TASK BRIEF: Copied exactly and without pictures, the lines from the beginning of the entries through the one that holds "Hot Sale Metal" should form the entire reply.

Stored dataset items:
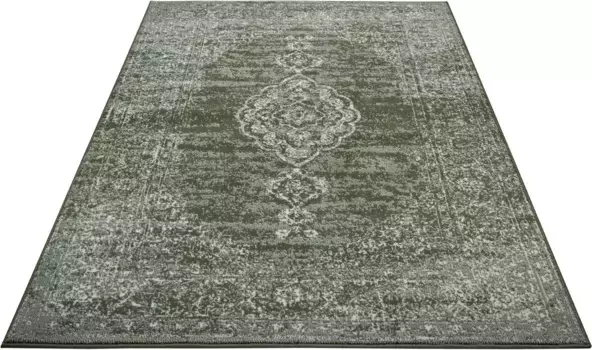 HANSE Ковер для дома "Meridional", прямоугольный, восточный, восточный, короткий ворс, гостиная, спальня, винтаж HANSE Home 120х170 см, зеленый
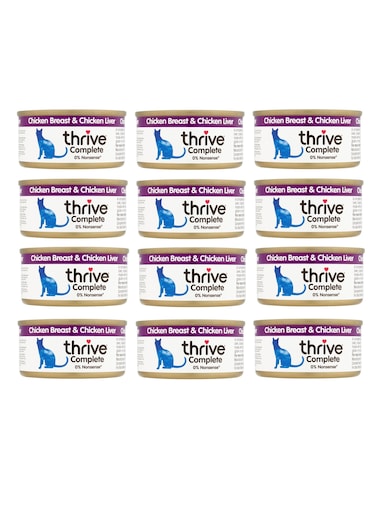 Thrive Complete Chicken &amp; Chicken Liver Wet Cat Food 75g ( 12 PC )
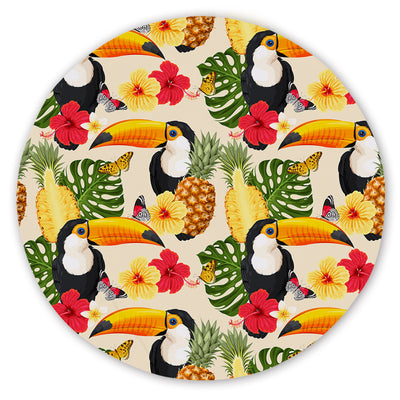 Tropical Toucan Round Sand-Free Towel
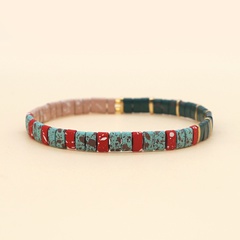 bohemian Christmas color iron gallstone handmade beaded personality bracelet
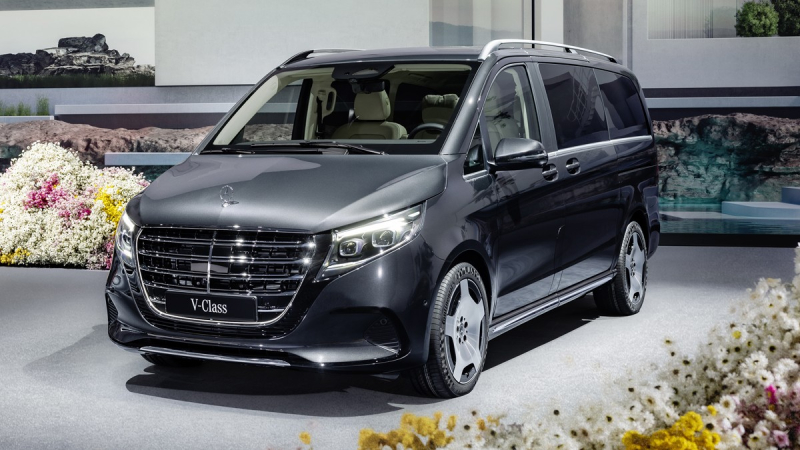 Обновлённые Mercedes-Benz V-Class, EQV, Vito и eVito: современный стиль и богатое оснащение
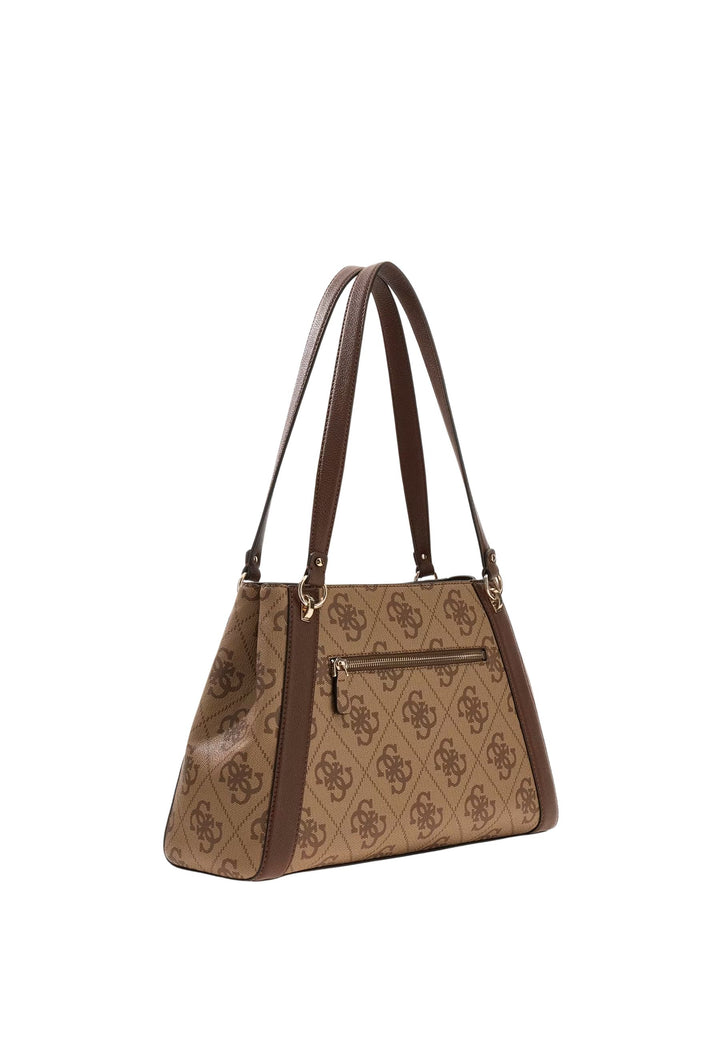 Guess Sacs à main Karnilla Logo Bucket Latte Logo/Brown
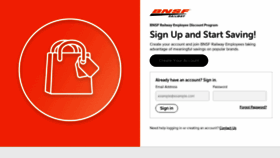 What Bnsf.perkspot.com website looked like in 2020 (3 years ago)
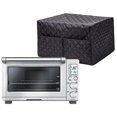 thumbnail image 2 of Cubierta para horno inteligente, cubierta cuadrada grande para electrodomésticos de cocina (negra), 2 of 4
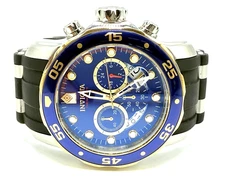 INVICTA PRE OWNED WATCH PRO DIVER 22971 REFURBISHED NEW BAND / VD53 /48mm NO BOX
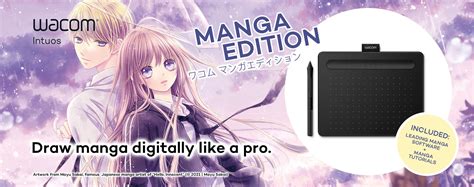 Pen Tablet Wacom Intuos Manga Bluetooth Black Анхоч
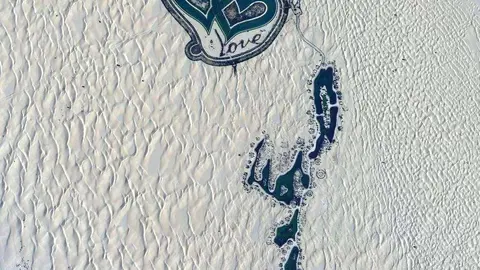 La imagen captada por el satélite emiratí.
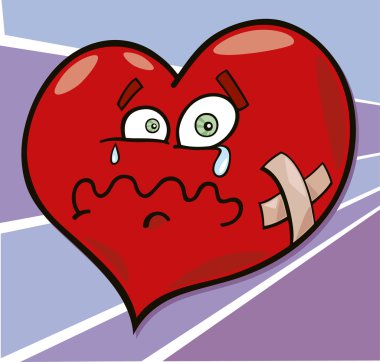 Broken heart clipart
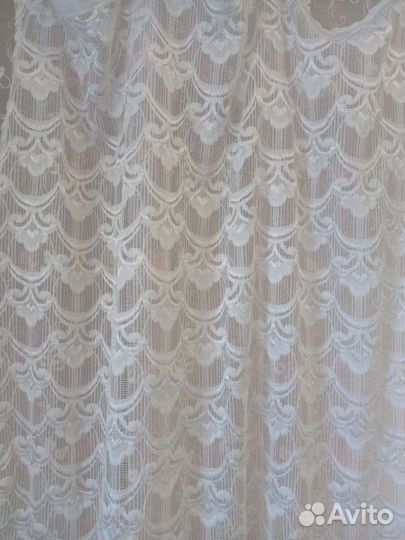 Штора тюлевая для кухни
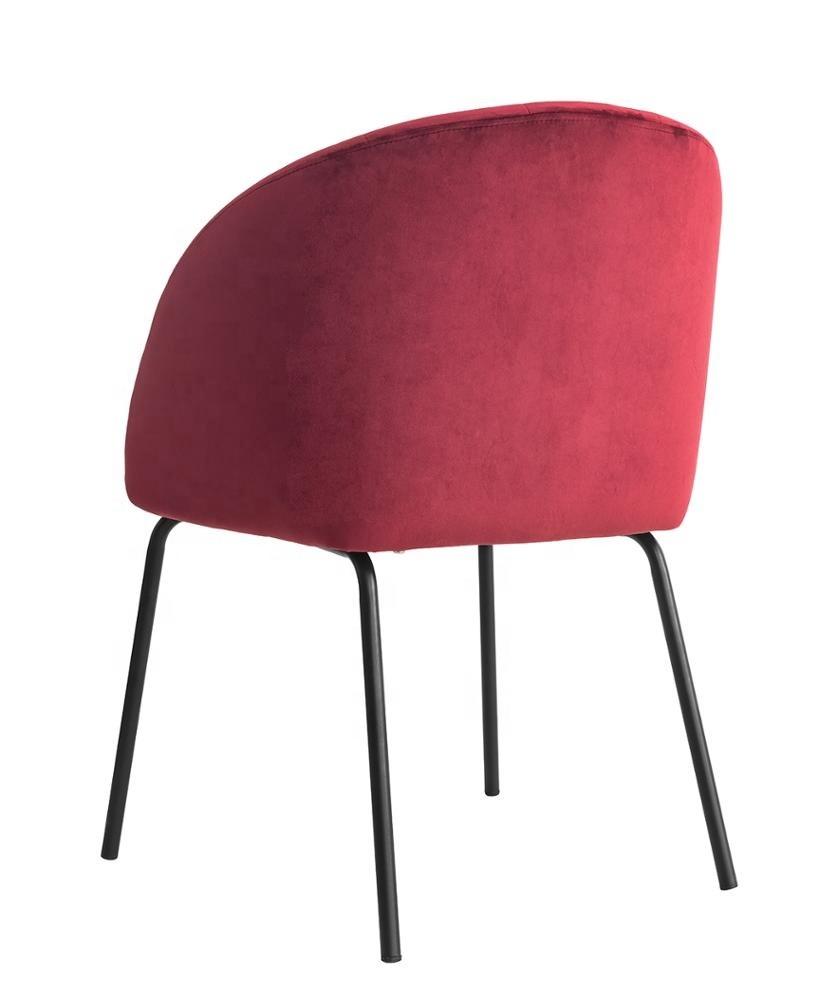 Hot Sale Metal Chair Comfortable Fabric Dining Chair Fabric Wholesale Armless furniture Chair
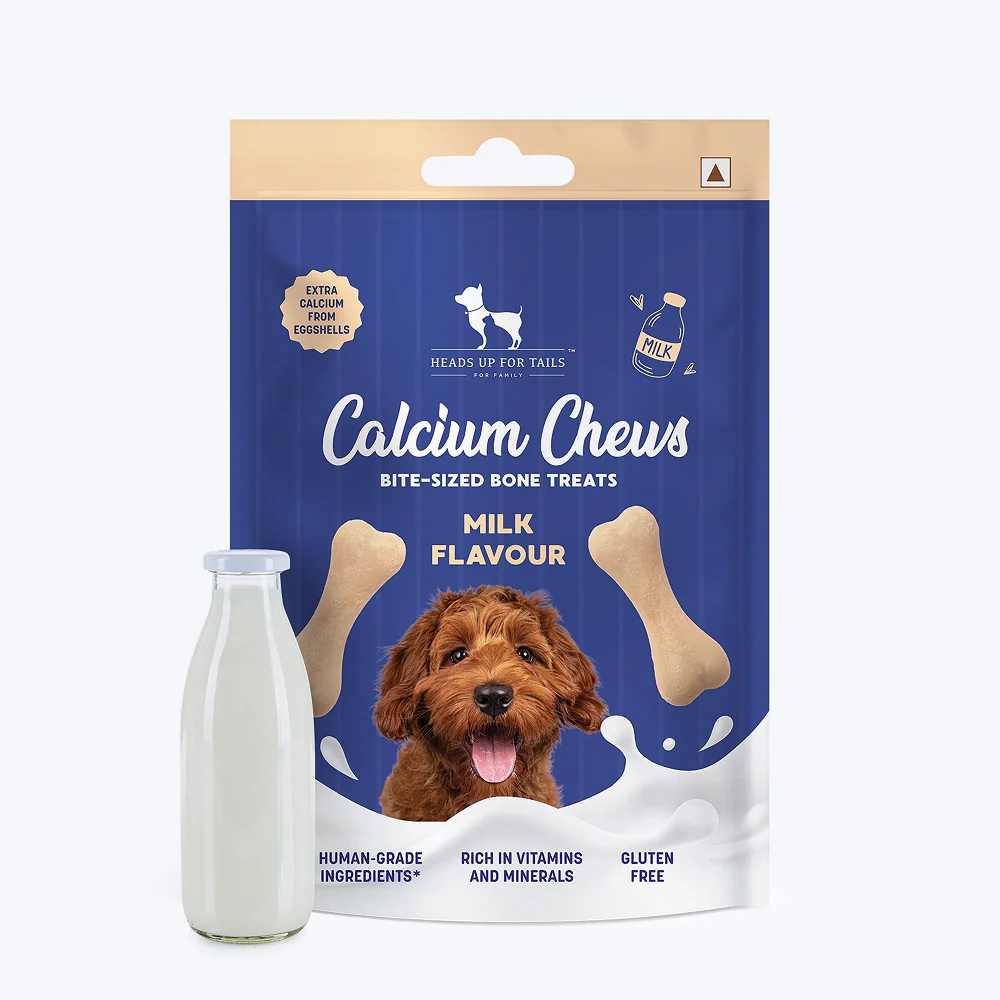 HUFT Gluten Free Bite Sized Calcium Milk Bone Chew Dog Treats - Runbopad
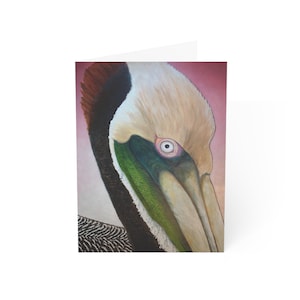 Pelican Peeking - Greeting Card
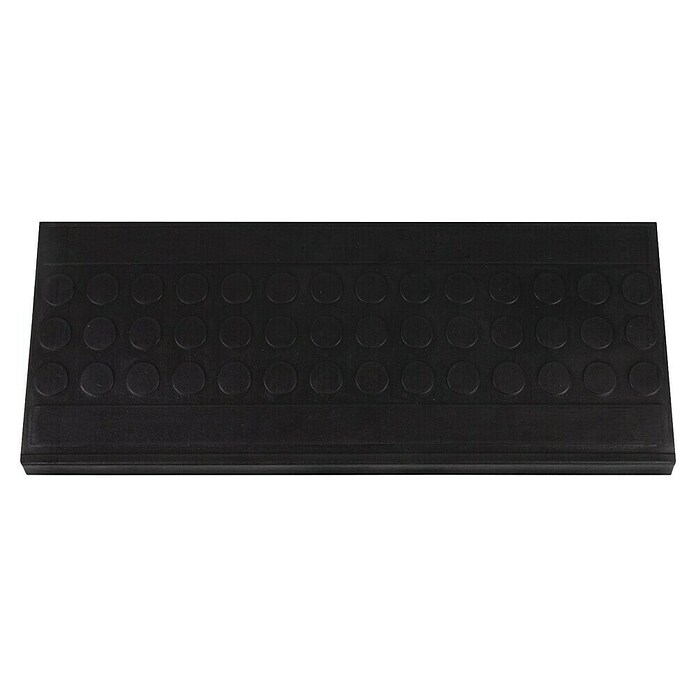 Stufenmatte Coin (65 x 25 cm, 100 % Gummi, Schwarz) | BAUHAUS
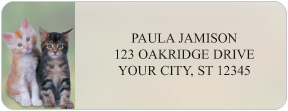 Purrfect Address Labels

SOLUTION BELOW:
 HANSE Ковер для дома "Meridional", прямоугольный, восточный, восточный, короткий ворс, гостиная, спальня, винтаж HANSE Home 120х170 см, зеленый
 Thrive Complete Chicken &amp; Chicken Liver Wet Cat Food 75g ( 12 PC )
 Tropical Toucan Round Sand-Free Towel
 bohemian Christmas color iron gallstone handmade beaded personality bracelet
 Обновлённые Mercedes-Benz V-Class, EQV, Vito и eVito: современный стиль и богатое оснащение
 Guess Sacs à main Karnilla Logo Bucket Latte Logo/Brown
 What Bnsf.perkspot.com website looked like in 2020 (3 years ago)
 thumbnail image 2 of Cubierta para horno inteligente, cubierta cuadrada grande para electrodomésticos de cocina (negra), 2 of 4
 INVICTA PRE OWNED WATCH PRO DIVER 22971 REFURBISHED NEW BAND / VD53 /48mm NO BOX
 Pen Tablet Wacom Intuos Manga Bluetooth Black Анхоч
 La imagen captada por el satélite emiratí.
 Broken heart clipart
 Штора тюлевая для кухни
 Hot Sale Metal Chair Comfortable Fabric Dining Chair Fabric Wholesale Armless furniture Chair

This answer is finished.